ACTIVITY:
The records follow. Print, word for word, the first line through the "Halloween Pumpkin Bag" line.

[Collection entries]
'''

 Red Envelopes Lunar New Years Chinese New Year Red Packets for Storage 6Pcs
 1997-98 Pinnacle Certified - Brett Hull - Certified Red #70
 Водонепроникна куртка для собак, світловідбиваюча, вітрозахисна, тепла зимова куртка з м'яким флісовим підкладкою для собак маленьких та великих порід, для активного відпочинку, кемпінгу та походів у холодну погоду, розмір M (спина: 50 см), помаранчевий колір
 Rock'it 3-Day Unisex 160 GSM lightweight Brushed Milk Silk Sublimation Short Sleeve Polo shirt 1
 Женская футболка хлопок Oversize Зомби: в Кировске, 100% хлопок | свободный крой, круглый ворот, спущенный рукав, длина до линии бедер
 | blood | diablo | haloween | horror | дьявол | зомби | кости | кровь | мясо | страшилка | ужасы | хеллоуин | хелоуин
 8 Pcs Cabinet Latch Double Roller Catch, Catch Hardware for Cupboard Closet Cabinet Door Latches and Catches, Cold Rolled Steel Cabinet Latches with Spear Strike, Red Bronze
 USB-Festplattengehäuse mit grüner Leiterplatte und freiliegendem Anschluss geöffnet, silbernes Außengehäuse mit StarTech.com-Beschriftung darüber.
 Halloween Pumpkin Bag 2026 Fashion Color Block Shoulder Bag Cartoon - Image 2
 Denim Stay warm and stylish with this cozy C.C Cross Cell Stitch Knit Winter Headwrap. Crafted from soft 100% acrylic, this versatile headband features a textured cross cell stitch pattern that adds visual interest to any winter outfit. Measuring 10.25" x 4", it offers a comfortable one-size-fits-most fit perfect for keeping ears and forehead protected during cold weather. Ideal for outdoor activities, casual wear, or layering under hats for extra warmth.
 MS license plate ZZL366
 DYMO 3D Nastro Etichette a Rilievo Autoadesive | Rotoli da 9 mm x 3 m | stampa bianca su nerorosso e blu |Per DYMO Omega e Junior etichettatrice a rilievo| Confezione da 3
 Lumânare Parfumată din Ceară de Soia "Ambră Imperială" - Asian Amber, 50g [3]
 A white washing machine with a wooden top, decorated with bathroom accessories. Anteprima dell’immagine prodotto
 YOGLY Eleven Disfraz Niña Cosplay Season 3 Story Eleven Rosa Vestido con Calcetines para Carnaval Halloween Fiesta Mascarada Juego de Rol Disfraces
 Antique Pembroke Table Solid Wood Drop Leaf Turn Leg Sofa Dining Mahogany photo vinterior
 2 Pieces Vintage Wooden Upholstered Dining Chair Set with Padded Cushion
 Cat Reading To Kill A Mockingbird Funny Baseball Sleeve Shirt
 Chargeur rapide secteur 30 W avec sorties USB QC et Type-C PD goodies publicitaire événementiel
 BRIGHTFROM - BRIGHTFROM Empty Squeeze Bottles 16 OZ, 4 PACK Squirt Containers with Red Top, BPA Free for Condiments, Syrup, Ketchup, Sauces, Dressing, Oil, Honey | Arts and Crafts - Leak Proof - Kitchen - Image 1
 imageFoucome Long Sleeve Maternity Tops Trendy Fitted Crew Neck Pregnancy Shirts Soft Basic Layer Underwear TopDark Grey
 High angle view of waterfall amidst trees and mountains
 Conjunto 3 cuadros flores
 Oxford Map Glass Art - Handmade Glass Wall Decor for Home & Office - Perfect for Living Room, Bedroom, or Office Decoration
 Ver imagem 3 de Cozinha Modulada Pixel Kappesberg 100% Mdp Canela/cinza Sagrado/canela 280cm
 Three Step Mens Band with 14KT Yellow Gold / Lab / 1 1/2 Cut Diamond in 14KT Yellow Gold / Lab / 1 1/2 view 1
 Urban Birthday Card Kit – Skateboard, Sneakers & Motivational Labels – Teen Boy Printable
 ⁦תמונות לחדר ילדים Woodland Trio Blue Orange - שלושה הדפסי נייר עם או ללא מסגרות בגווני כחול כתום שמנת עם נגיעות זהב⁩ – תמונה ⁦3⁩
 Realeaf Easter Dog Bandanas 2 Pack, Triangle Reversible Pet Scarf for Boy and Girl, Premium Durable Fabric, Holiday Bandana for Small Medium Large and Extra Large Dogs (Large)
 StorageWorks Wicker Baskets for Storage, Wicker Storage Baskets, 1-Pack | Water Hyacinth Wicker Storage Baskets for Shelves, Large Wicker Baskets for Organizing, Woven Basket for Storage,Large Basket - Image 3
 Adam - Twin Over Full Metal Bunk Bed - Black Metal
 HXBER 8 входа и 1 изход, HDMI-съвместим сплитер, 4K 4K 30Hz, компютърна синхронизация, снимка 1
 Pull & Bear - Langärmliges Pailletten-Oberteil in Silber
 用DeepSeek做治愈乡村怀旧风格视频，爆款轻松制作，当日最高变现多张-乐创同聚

'''

YOUR SOLUTION:
 Red Envelopes Lunar New Years Chinese New Year Red Packets for Storage 6Pcs
 1997-98 Pinnacle Certified - Brett Hull - Certified Red #70
 Водонепроникна куртка для собак, світловідбиваюча, вітрозахисна, тепла зимова куртка з м'яким флісовим підкладкою для собак маленьких та великих порід, для активного відпочинку, кемпінгу та походів у холодну погоду, розмір M (спина: 50 см), помаранчевий колір
 Rock'it 3-Day Unisex 160 GSM lightweight Brushed Milk Silk Sublimation Short Sleeve Polo shirt 1
 Женская футболка хлопок Oversize Зомби: в Кировске, 100% хлопок | свободный крой, круглый ворот, спущенный рукав, длина до линии бедер
 | blood | diablo | haloween | horror | дьявол | зомби | кости | кровь | мясо | страшилка | ужасы | хеллоуин | хелоуин
 8 Pcs Cabinet Latch Double Roller Catch, Catch Hardware for Cupboard Closet Cabinet Door Latches and Catches, Cold Rolled Steel Cabinet Latches with Spear Strike, Red Bronze
 USB-Festplattengehäuse mit grüner Leiterplatte und freiliegendem Anschluss geöffnet, silbernes Außengehäuse mit StarTech.com-Beschriftung darüber.
 Halloween Pumpkin Bag 2026 Fashion Color Block Shoulder Bag Cartoon - Image 2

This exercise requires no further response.